### ACTIVITY
Output the data below only from the line containing "INDvAUS, 1st ODI: Shami" up to and including the line containing "Отель Dwór Ostoia", exact and with the pictures left out.

### DATA EXTRACT
┌──
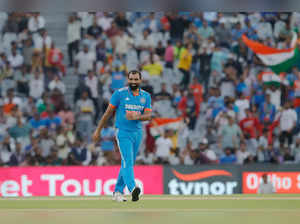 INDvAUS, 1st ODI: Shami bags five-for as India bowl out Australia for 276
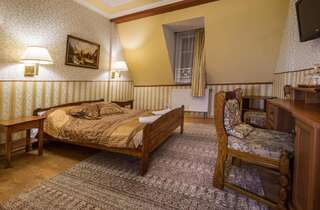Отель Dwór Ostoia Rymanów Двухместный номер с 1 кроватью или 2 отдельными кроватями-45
└──
┌──
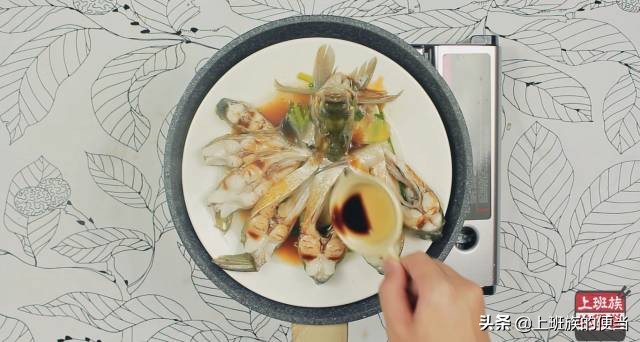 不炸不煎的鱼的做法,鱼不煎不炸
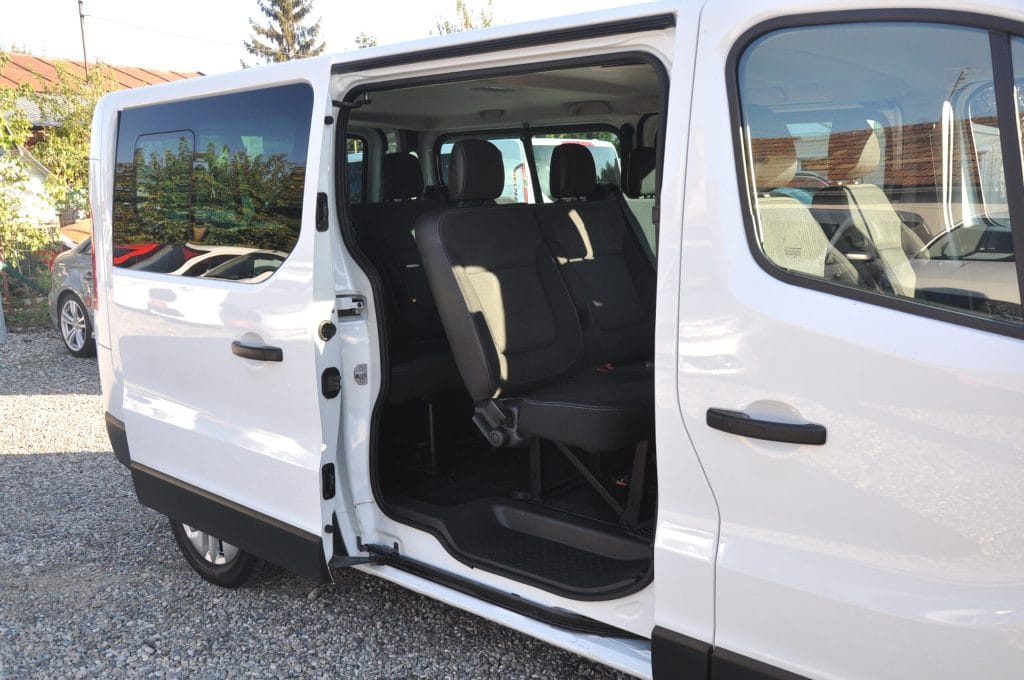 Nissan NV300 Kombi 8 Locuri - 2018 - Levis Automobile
└──
### SOLUTION TO THIS PROBLEM
 INDvAUS, 1st ODI: Shami bags five-for as India bowl out Australia for 276
Отель Dwór Ostoia Rymanów Двухместный номер с 1 кроватью или 2 отдельными кроватями-45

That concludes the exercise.